Rate of convergence of an irrational rotation Let $\alpha, \beta \in \mathbb{R}$. Let $\{x\}$ denote the fractional part of $x$ and let $\|x\| = \min(\{x\}, 1-\{x\})$. 
If we assume that $\alpha$ is irrational, then there exists an increasing sequence of integers $(n_k)_{k \in \mathbb{N}}$ such that $\|n_k \alpha - \beta\| \to 0$. Is it possible that the rate of convergence is exponential, that is, that there exists some $\eta > 1$ such that $\eta^{n_k} \|n_k \alpha - \beta\| \to 0$?
I believe that the fact that the sequence $\{n \alpha\}_{n \in \mathbb{N}}$ is equidistributed implies that if this is true for some $\eta > 1$, then it must be true for every $\eta > 1$, so this seems to be a rather strong condition.
If the rate may be exponential for general $\alpha$ and $\beta$, what about the case when $e^{2\pi i \alpha}$ and $e^{2\pi i \beta}$ are algebraic?

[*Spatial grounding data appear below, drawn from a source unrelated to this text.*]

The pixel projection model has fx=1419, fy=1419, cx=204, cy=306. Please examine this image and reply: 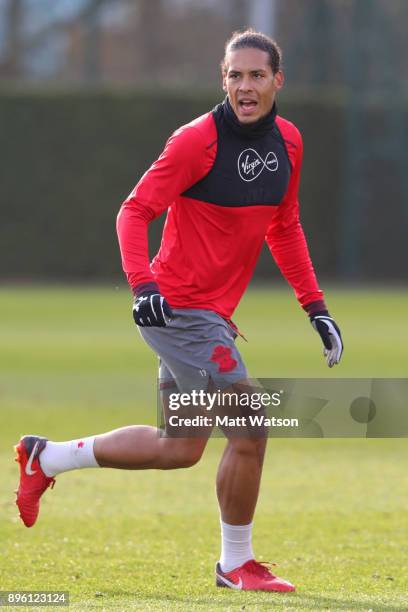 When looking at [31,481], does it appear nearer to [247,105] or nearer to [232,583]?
[232,583]

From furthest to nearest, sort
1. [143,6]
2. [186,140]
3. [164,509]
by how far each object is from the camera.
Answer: [143,6], [164,509], [186,140]

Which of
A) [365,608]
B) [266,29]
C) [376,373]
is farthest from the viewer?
[266,29]

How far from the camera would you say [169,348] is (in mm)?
6070

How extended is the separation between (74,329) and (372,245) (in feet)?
38.7

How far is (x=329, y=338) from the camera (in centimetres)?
653

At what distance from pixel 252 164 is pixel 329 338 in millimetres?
926

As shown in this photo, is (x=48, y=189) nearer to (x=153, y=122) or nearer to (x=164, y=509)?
(x=153, y=122)

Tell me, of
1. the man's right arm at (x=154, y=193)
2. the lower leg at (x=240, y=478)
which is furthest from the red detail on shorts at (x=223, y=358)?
the man's right arm at (x=154, y=193)

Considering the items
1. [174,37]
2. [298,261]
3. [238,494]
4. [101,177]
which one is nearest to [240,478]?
[238,494]

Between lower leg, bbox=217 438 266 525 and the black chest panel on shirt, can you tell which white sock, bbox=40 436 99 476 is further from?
the black chest panel on shirt

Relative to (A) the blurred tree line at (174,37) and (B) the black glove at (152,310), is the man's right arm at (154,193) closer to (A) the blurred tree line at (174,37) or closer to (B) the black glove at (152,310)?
(B) the black glove at (152,310)

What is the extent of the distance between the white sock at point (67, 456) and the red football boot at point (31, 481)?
0.03m

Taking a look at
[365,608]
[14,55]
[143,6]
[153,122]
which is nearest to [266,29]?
[153,122]

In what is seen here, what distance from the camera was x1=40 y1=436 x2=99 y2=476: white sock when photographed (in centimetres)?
616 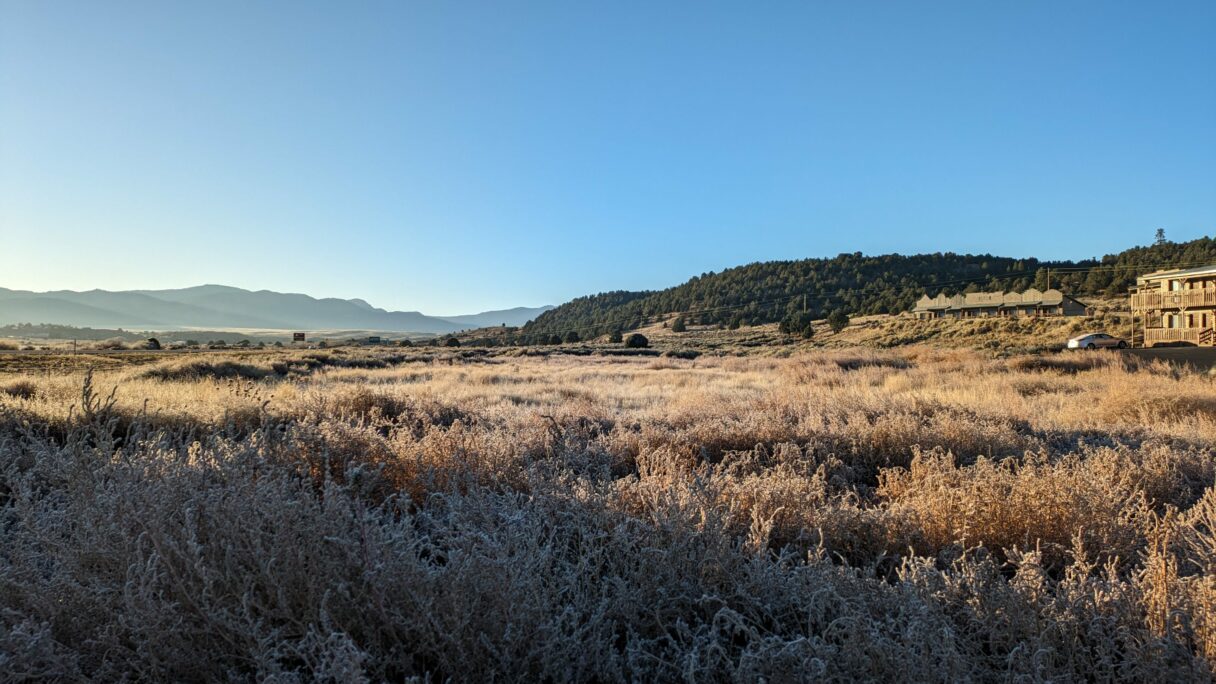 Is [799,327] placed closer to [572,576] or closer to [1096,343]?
[1096,343]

 A: For the algebraic case a lot is known. There is a deep result of Gelfond (see A. O. Gelfond, Transcendental and Algebraic Numbers, Dover, New York, 1960) that if $\lambda$ is an algebraic number of absolute value 1, then for every $\epsilon>0$ there is a constant $C>0$ such that $$|\lambda^n-1|>Ce^{-n\epsilon}$$ for all $n\ge1$. More recent work of Feldman (see Chapter 9 in  Stolarsky's book Algebraic Numbers and Diophantine Approximation, Dekker, 1974) actually shows that there are effectively computable numbers $C=C(\lambda)>0$ and $N=N(\lambda)\ge1$ such that
$$|\lambda^n-1|>Cn^{-N}$$
for all $n\ge1$.
These diophantine results are very useful while investigating the dynamical properties of maps defined algebraically, e.g. automorphisms of tori. See for example my paper "Dynamical Properties of Quasihyperbolic Toral Automorphisms", Ergod. Th. Dynam. Sys. 2 (1982), 49--68.

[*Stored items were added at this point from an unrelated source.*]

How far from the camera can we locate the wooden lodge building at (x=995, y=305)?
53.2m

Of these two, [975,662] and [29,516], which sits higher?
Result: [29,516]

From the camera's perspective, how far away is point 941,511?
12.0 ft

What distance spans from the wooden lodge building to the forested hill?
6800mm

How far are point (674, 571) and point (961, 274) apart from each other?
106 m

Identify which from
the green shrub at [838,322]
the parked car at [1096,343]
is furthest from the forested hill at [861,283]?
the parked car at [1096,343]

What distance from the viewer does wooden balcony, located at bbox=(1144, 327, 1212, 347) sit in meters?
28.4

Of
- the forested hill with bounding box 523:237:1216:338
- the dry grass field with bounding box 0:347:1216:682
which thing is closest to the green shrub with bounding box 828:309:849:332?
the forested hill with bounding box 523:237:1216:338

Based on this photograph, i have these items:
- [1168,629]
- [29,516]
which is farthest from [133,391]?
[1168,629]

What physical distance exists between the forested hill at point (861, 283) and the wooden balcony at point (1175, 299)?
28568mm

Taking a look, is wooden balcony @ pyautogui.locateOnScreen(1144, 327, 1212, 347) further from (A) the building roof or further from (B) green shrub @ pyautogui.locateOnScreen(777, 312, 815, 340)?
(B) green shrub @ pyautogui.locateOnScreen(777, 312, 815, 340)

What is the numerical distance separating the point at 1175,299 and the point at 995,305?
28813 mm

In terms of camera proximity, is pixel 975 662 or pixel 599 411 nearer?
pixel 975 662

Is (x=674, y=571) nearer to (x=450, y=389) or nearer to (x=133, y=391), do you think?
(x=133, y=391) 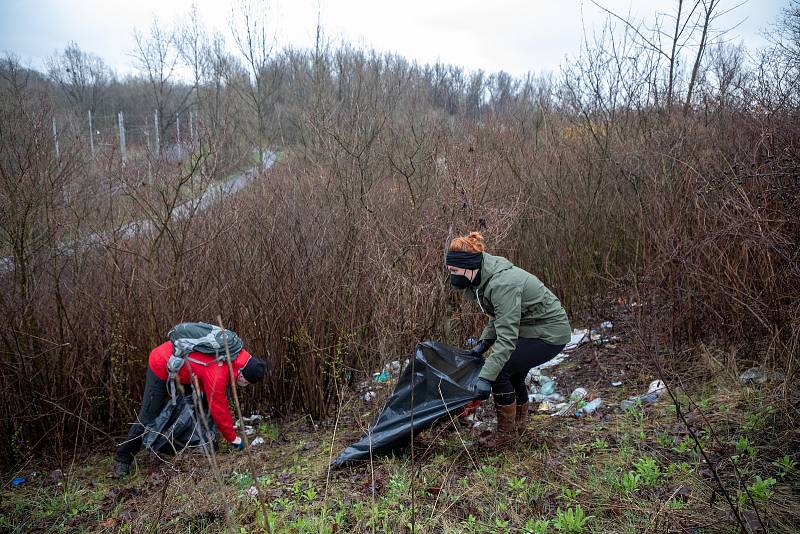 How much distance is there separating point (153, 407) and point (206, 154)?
2.46 m

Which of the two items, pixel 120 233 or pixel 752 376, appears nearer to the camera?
pixel 752 376

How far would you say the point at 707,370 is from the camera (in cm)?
486

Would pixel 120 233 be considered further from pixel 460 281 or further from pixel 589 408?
pixel 589 408

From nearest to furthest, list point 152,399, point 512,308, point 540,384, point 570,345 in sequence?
point 512,308 → point 152,399 → point 540,384 → point 570,345

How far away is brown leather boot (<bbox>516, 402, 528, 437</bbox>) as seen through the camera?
4042mm

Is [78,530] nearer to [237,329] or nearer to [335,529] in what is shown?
[335,529]

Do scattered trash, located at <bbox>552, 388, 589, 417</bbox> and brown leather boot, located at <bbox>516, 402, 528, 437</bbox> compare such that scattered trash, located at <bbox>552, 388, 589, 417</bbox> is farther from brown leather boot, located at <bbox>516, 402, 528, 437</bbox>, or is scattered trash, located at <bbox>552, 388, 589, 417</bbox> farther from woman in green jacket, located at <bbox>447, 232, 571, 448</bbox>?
woman in green jacket, located at <bbox>447, 232, 571, 448</bbox>

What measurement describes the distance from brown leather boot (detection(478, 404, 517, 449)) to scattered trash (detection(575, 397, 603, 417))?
0.88 m

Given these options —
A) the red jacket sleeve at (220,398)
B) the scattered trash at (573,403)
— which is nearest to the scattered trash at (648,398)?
the scattered trash at (573,403)

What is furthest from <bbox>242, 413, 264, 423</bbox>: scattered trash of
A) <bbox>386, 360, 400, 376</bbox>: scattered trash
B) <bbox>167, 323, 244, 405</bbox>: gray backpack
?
<bbox>167, 323, 244, 405</bbox>: gray backpack

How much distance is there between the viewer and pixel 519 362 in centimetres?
382

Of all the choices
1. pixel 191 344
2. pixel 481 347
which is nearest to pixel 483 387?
pixel 481 347

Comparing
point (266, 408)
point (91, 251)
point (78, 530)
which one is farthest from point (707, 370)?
point (91, 251)

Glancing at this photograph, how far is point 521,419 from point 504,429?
21 centimetres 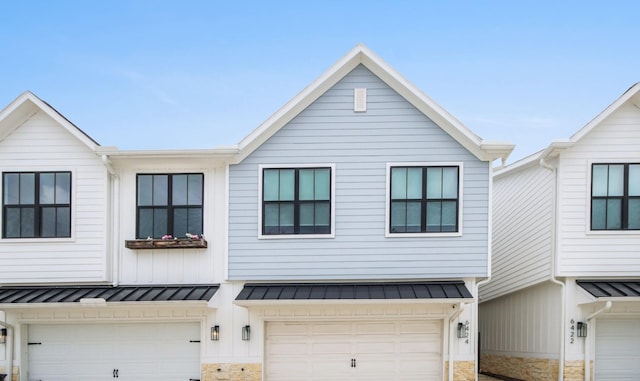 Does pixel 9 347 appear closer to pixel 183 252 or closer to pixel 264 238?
pixel 183 252

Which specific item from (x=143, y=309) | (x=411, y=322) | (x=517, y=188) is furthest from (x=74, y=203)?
(x=517, y=188)

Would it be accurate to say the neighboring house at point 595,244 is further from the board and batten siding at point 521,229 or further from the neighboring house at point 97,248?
the neighboring house at point 97,248

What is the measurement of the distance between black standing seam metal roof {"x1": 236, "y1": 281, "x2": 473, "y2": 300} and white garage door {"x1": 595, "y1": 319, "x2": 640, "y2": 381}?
3.46 meters

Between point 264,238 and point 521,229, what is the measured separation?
22.4 ft

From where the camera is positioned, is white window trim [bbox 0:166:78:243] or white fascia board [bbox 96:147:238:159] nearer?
white fascia board [bbox 96:147:238:159]

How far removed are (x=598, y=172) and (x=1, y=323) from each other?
42.9 ft

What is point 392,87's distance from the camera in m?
10.4

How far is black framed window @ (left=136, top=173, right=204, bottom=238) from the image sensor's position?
34.6 feet

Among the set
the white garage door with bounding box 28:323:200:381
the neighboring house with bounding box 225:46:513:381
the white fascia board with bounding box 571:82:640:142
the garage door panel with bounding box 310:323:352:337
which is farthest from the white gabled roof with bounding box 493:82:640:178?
the white garage door with bounding box 28:323:200:381

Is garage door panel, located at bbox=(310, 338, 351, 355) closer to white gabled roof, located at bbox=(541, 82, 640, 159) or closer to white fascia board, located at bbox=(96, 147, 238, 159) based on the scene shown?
white fascia board, located at bbox=(96, 147, 238, 159)

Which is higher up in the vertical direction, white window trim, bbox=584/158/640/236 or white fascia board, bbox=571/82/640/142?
white fascia board, bbox=571/82/640/142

A: Certainly it is possible for the rate to be exponential: for example, if we define a sequence $(d_n)$ by $d_1:=2$, $d_{n+1}:=2^{d_n}$ then the number
$$\alpha:=\sum_{n=1}^\infty \frac{1}{d_n}$$
satisfies
$$\{d_n\alpha\}=\sum_{k=n+1}^\infty \frac{1}{d_k} \in \left(\frac{1}{d_{n+1}},\frac{2}{d_{n+1}}\right)$$
and we have $d_{n+1}=2^{d_n}$ so the size of this fractional part is exponentially small relative to $d_n$. In the case $\beta=0$ you can construct more general examples using the theory of continued fractions.